Yeni Ticaret Kanunumuzda ise bu ibra konusu bana göre daha önemli hale gelmiştir. Çünkü yeni Ticaret Kanununda tek kişilik şirket kurma imkanı doğmuştur. Tek kişilik şirkette , o kişi yönetim kurulu üyesi olursa kendisi için oy kullanamayacaktır. En basit örnek olarak tek kişilik şirketi verebiliriz. Yine aile şirketlerinde genellikle, aileler çoğunlukta, yönetim kurulunda olup aile dışında olanlar veya şirket çalışanlarına verilen hisse ile ortak olmuşlar azınlıktadır. Bu durumda önceki yazımızda belirttiğimiz gibi %99 hisseye rağmen yönetim kurulu ibra edilmeme durumu ile karşı karşıya kalacaktır.

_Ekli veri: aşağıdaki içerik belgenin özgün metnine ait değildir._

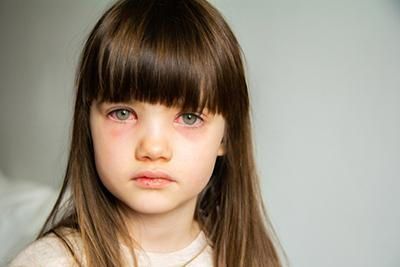 A little girl with long hair and bangs is crying and looking at the camera.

Bilindiği gibi, yeni TTK devrim niteliğinde hükümler taşımasına rağmen bir kısım hükümleri de eski TTK nın uygulaması ile istikrarlı hale gelen yargı kararları sonucunda yerleşmiş hükümleri de içermektedir. Bu sebeple ibra edilmemenin sonuçları konusunu incelerken önce eski TTK tatbikatını tabii ki göz önüne alacağız.

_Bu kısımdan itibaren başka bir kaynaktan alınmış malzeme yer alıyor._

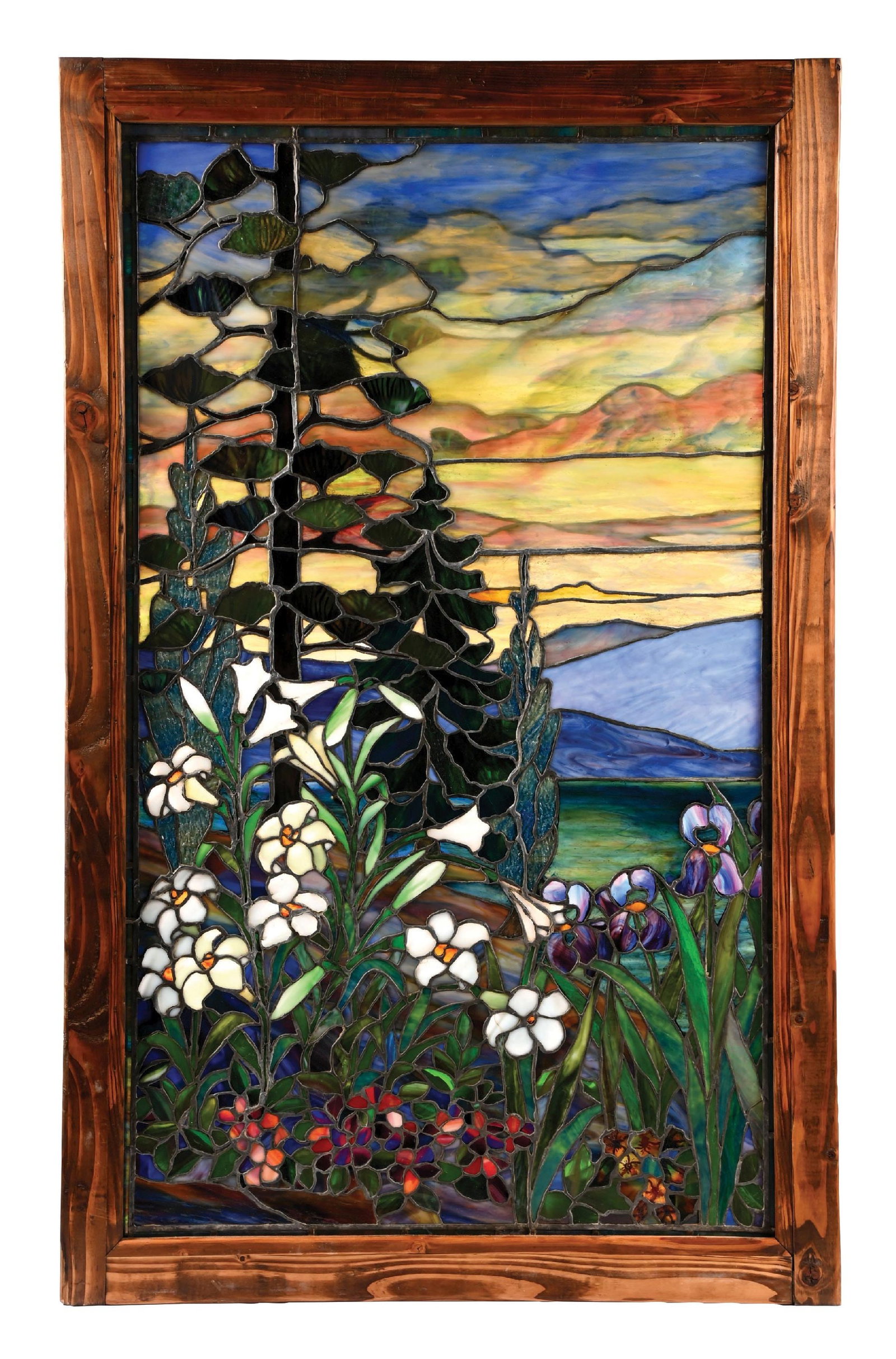 BEAUTIFUL FLORAL LANDSCAPE STAINED GLASS WINDOW: A beautiful early 20th century leaded and stained glass window attributed to Tiffany Studios. The 54" tall window features a landscape scene with blue and yellow-streaked skies and purple-streaked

Bu yazımızda, eski TTK nın tatbikatı ve yargı kararları sonucu yönetim kurulu üyelerinin kendilerinin ibrası için oy kullanamaması neticesinde ibra edilmeme halinde neler olacağını ifade etmeye çalışacağız.
İbra, bir sorumluluktan kurtulma müessesesidir. Aklama, temize çıkarma demektir. TTK deki ibra ile, yönetim kurulu üyeleri ve şirket yöneticilerinin işlemlerinin onaylandığı ve şirkete karşı sorumluluklarının kalmadığı anlaşılır. Yönetim kurulu üyeleri ilgili dönemdeki işlemlerinden aklanmış olurlar.
İbra, şirket dışındakilere etkisi olmayan, tümüyle şirket içi hukuki bir işlemdir. Sadece şirketi ve belirli şartlar altında bazı pay sahiplerini bağlar, alacaklıları etkilemez. İbra edilme halinde, şirketin sorumluluk nedeni ile dava hakkı ortadan kalkar, ancak alacaklıların ve pay sahiplerinin uğradıkları zararlar için dava hakları devam eder.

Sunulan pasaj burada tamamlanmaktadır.